In addition, Shai Akabas, the BPC’s director of economic policy, said a factor that could quicken the exhaustion of borrowing room is House passage of the bipartisan Senate-passed infrastructure bill. The bill includes a $118 billion transfer from the Treasury’s general fund to shore up the Highway Trust Fund.
It’s unclear when the House will take up the infrastructure bill after Congress on Thursday night cleared a temporary extension of surface transportation programs through Dec. 3. Progressive lawmakers balked at taking up the broader five-year bipartisan bill, but said they’d be ready to vote for that as soon as the $1.75 trillion reconciliation package is finalized and endorsed by all 50 Senate Democrats.
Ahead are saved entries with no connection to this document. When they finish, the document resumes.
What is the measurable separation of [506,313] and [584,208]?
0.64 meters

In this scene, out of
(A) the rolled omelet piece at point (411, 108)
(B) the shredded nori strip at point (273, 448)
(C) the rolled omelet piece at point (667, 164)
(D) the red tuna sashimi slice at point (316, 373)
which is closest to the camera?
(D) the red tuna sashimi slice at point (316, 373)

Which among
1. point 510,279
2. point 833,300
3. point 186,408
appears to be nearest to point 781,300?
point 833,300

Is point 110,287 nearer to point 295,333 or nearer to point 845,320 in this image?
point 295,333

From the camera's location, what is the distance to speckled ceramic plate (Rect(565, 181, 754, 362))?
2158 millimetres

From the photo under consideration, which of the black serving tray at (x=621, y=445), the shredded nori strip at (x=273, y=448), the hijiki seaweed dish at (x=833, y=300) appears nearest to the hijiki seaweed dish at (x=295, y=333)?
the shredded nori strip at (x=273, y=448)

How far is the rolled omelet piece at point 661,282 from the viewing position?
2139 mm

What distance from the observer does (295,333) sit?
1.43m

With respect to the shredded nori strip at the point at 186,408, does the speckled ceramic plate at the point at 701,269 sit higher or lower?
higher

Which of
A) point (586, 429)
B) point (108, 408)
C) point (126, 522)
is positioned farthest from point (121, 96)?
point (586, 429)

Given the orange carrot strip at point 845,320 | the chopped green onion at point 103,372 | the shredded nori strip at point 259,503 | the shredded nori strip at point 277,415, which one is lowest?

But the BPC said a full transfer, whenever it might occur, would increase what’s known as intragovernmental debt, or Treasury debt owed to federal trust funds, and thereby eat up some borrowing room. Akabas said the “clock is ticking for Congress to once again protect the full faith and credit of the United States.”
The $480 billion debt limit increase brings the total to $28.9 trillion after President Joe Biden signed that measure Oct. 14. The increase was estimated at the time to last until at least early December.
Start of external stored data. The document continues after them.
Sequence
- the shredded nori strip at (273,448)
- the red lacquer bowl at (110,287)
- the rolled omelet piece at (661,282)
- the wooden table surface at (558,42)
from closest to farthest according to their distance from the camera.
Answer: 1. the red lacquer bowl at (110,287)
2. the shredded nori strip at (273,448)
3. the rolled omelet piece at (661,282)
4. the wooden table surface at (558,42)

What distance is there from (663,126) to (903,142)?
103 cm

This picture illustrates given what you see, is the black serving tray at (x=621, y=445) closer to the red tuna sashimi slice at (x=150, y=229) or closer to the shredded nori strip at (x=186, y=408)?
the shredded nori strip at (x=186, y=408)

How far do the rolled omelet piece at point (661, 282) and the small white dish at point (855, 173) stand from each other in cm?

After the debt limit was raised, Treasury Secretary Janet L. Yellen continued what is called a “debt issuance suspension period,” allowing the agency to continue to use accounting measures to temporarily avoid breaching the debt ceiling and continue borrowing. The BPC said by continuing the suspension period rather than ending it and restarting extraordinary measures, the Treasury was able to extend its borrowing range by a week or two.
No matter when the next deadline becomes a reality, Democrats have few good options for dealing with the debt ceiling.
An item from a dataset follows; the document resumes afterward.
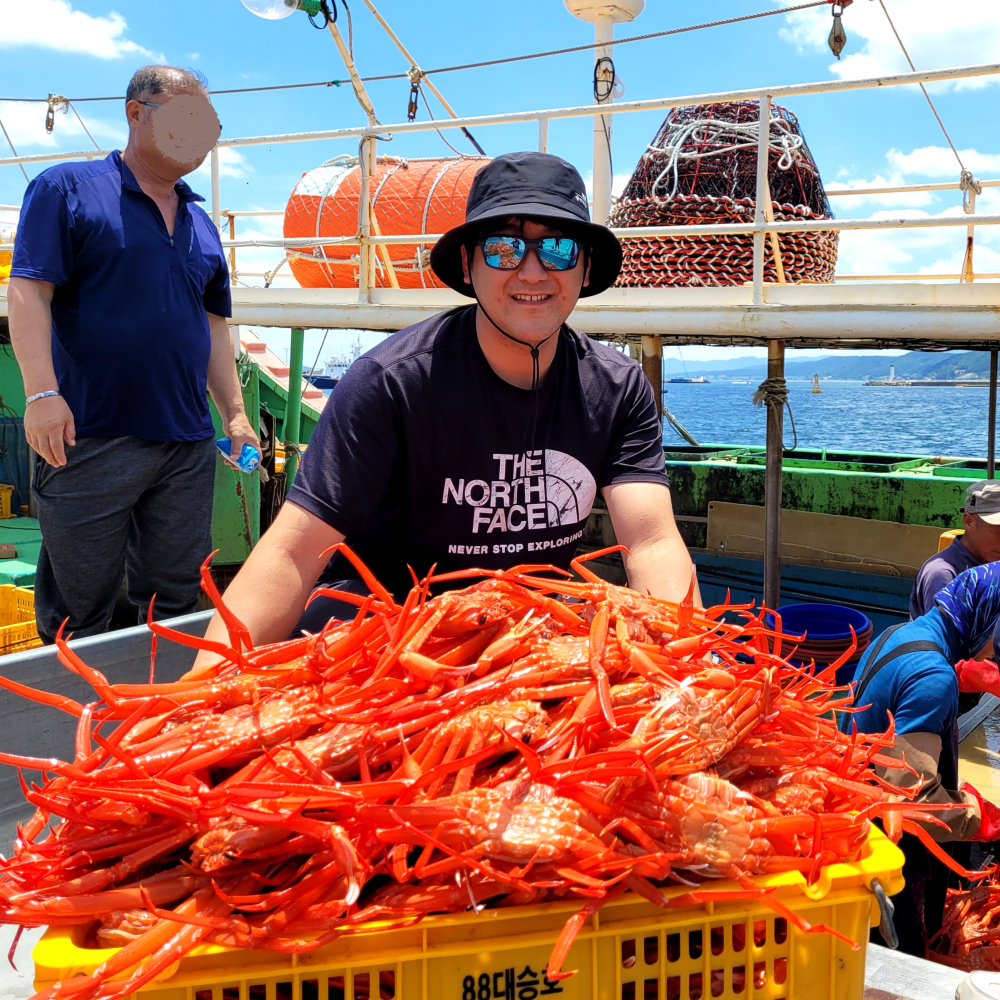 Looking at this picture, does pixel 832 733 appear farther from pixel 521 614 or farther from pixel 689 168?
pixel 689 168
Senate Republicans say they won’t supply the votes to get past the 60-vote cloture threshold next time, demanding instead that Democrats use the complex and time-consuming budget reconciliation process.
Democrats are reluctant to do so because of unanswered parliamentary questions about how that would work, the amount of committee and floor time it would eat up and the political optics of pushing the debt ceiling past $30 trillion. Some are coming around to the possibility that reconciliation might be their best option, however.